Abstract
The life of Ernst Ising and the steps to solving the model named after him
are reported in parallel. Wilhelm Lenz suggested his student Ernst Ising to
explain the existence of ferromagnetism on the basis of his publication in
1920. The result, published in 1925 was disappointing, because only the one
dimensional case could be solved with a negative result about the absence of
ferromagnetism. Wolfgang Pauli who was an assistant of Lenz in Hamburg
published in the same year his 'nonclassical ambiguity', later identified as
the spin of the electron, and the exclusion principle.
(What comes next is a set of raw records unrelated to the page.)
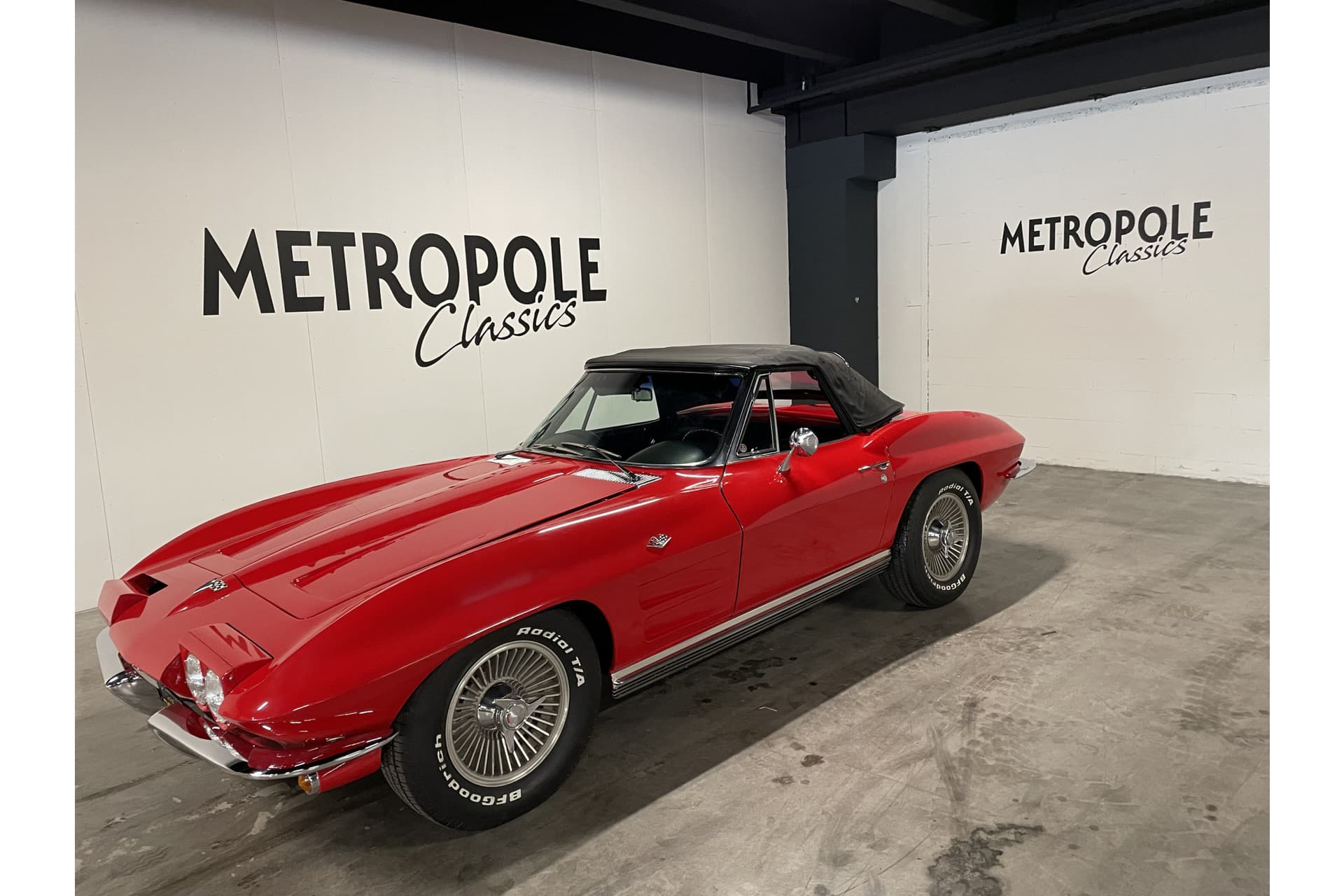 Chevrolet Corvette Convertible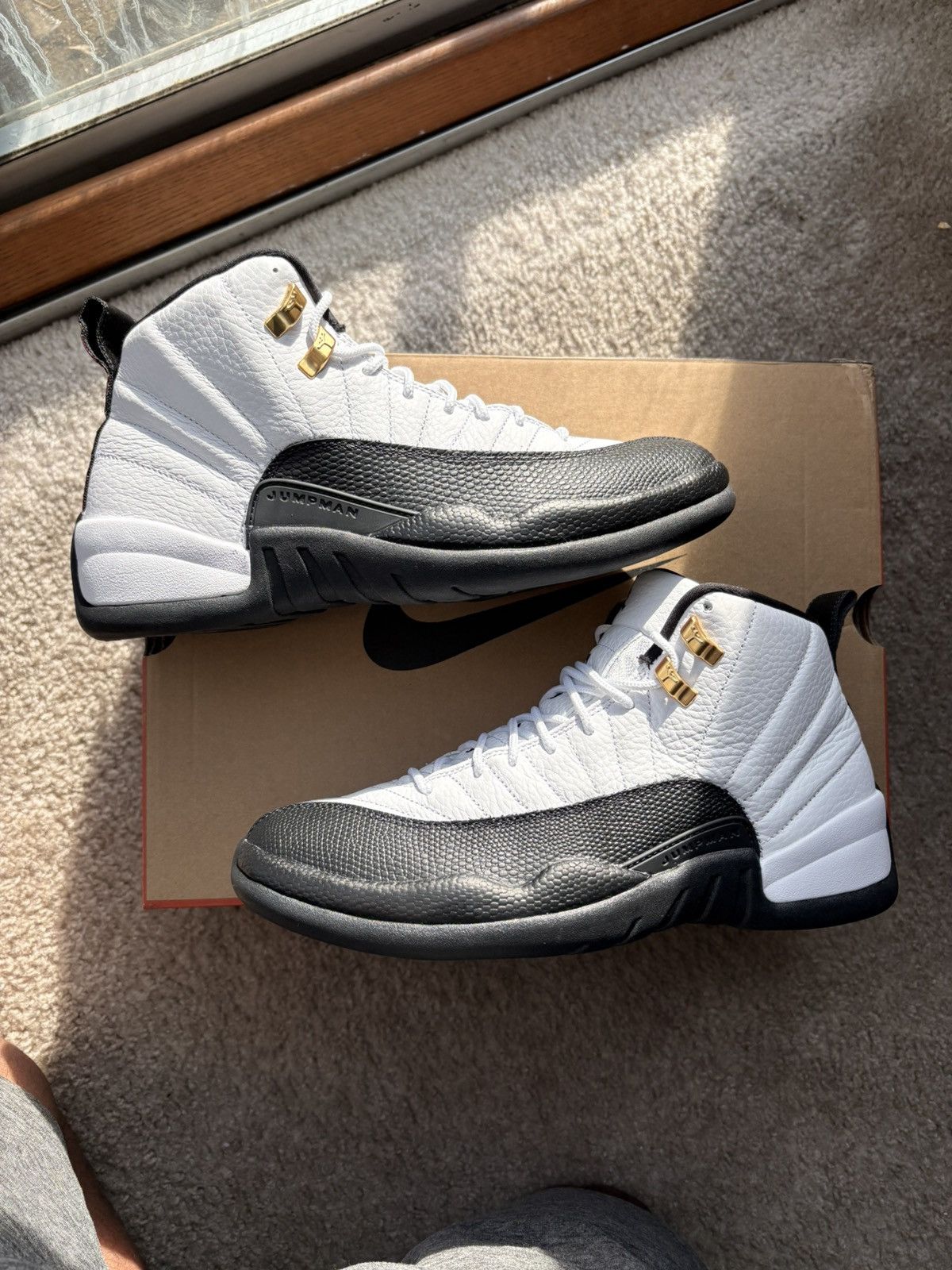 Jordan Brand Jordan 12 taxis Size US 8.5 / EU 41-42 - 1 Thumbnail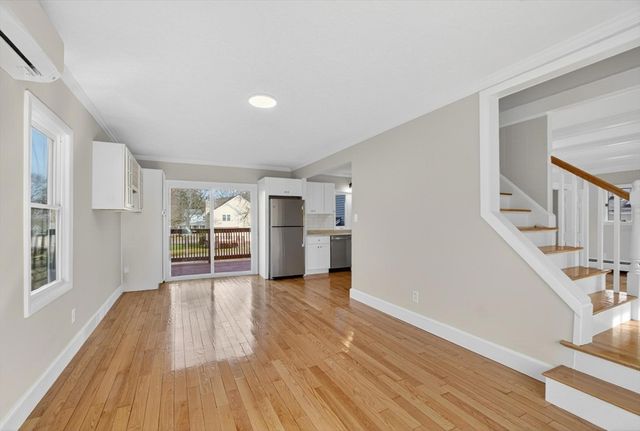 1051 Boston Rd 1051, Haverhill, MA 01835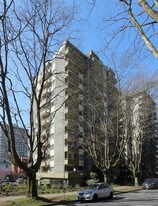 Lyncroft Towers in Vancouver, BC - Building Photo
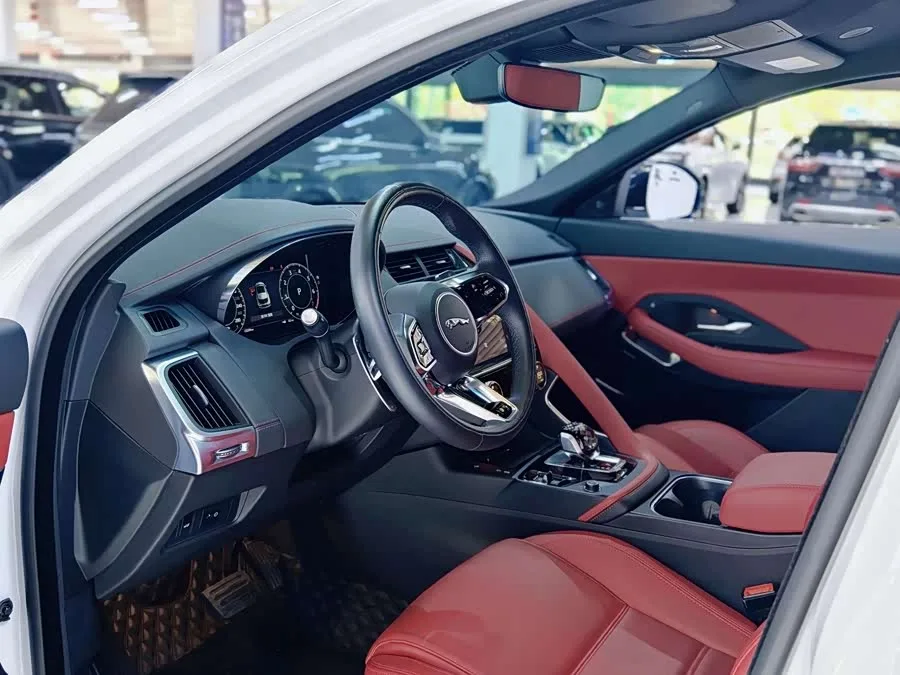 Jaguar E-Pace 2024 aggressive sports version R-DYNAMIC S 2024 — миниатюра 4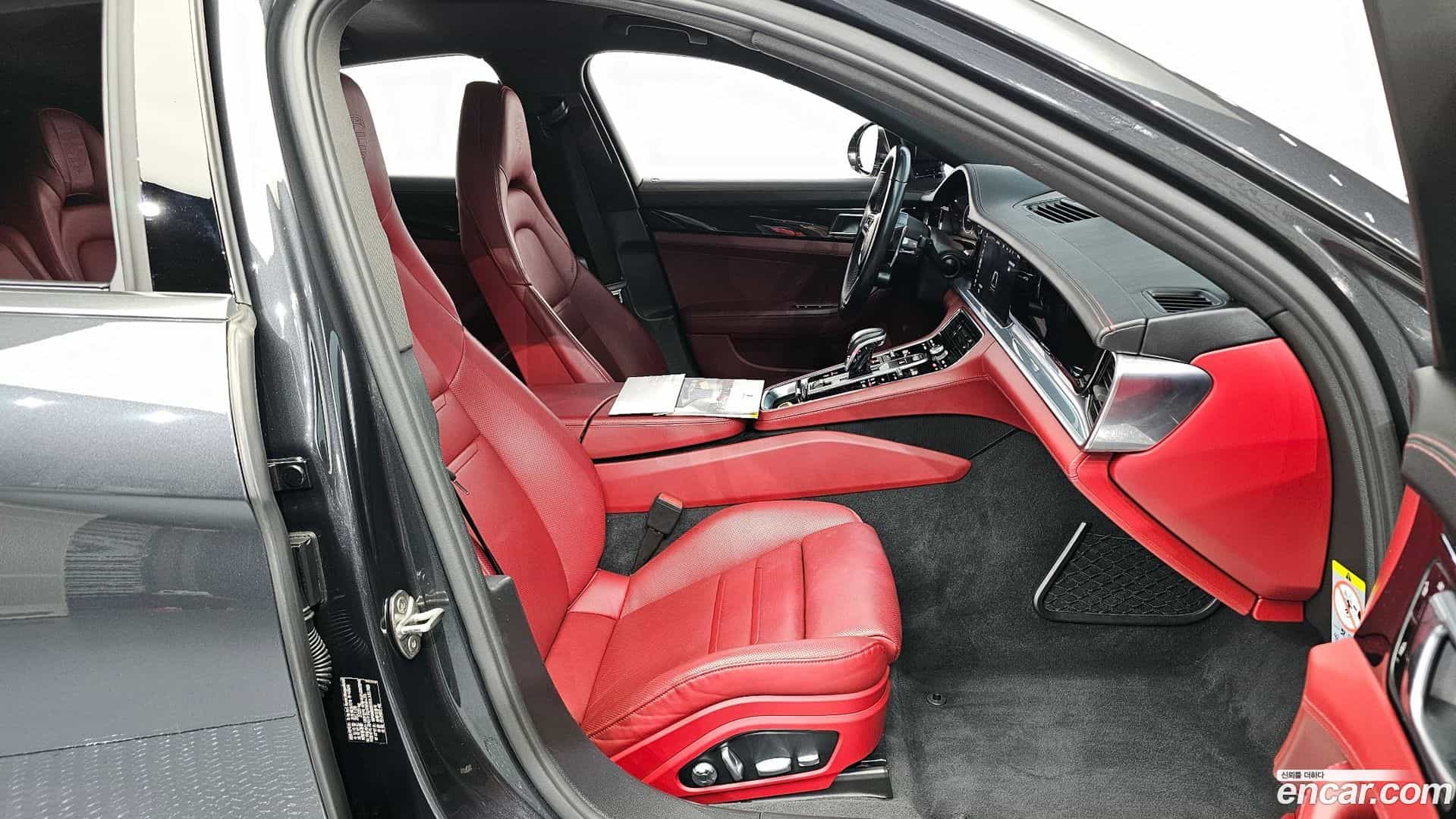 Panamera Porsche 2017.9-INNER-010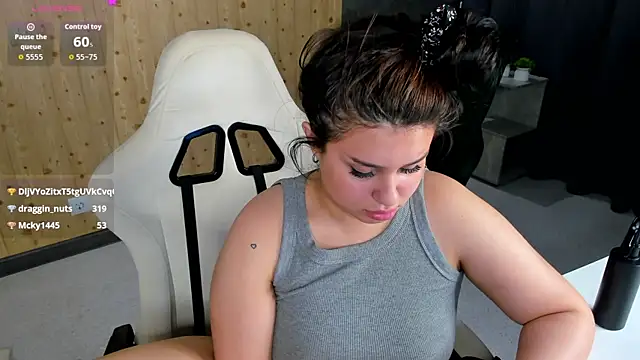 nicolewoss live XXX chat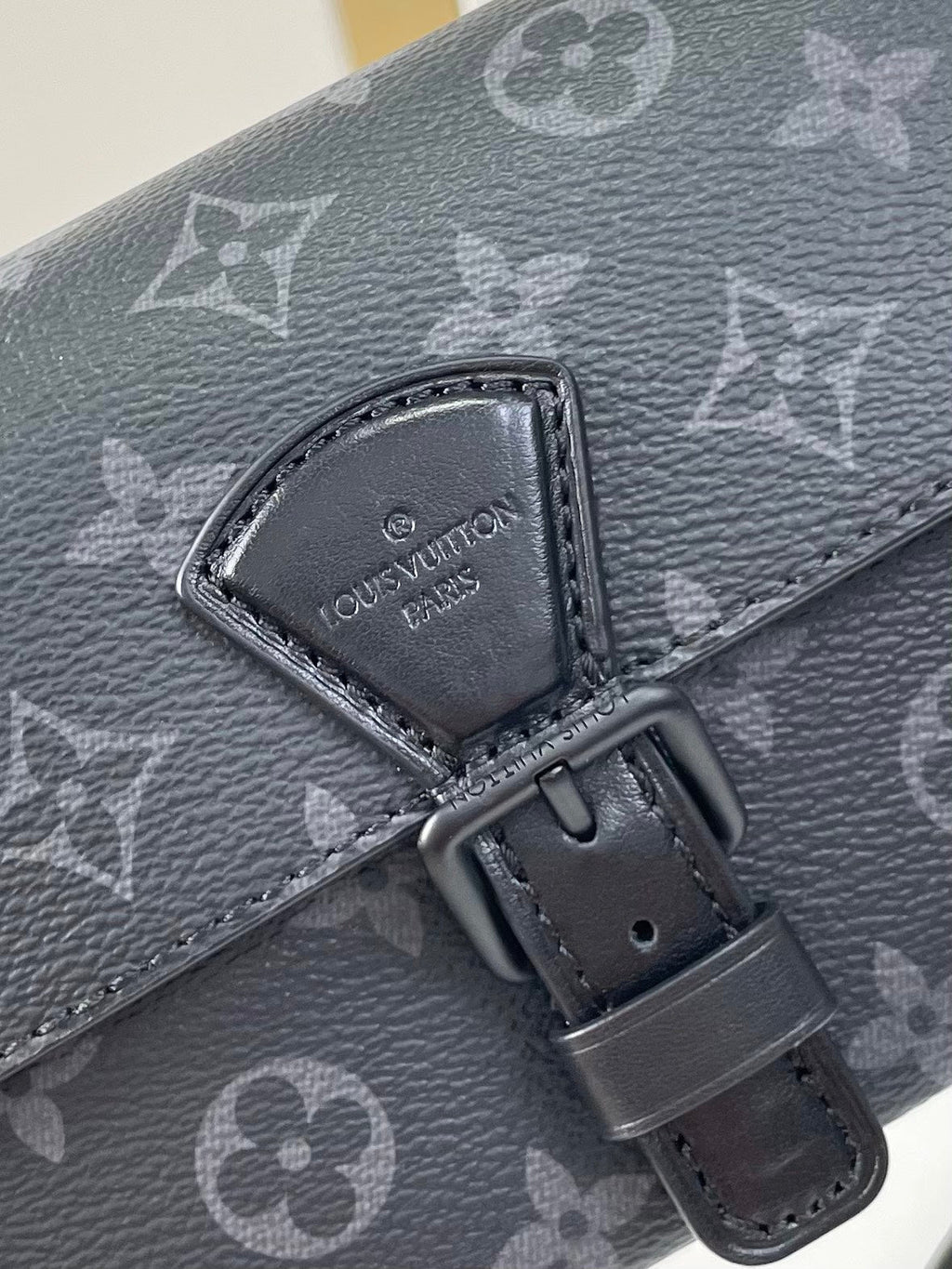 PORTEFEUILLE PORTABLE MONTSOURIS 22 EN TOILE ÉCLIPSE MONOGRAMME GUN METAL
He was the first - at
the Solvay Conference in 1930 - to present the Hamiltonian of the Ising model
as we know it today.
Meanwhile Ising had left university research and due to the political
situation in 1938 had to leave Germany and fled to Luxemburg. This went in hand
with damaging the network of researchers dealing with the problem of
ferromagnetism and more generally with phase transitions and statistical
physics. In 1944, the year when Luxemburg was liberated by the American troops
and Ising and his family was rescued, Lars Onsager presented a solution of the
two-dimensional case. In 1952 Chen-Ning Yang solved the problem of Ising's
thesis in two dimensions; one year later Ising became the US citizenship. The
following development showed, that the model turned out to be a highway to
modern physics concepts applicable also in other fields, although the final
exact solution in three dimensions has not yet been reached.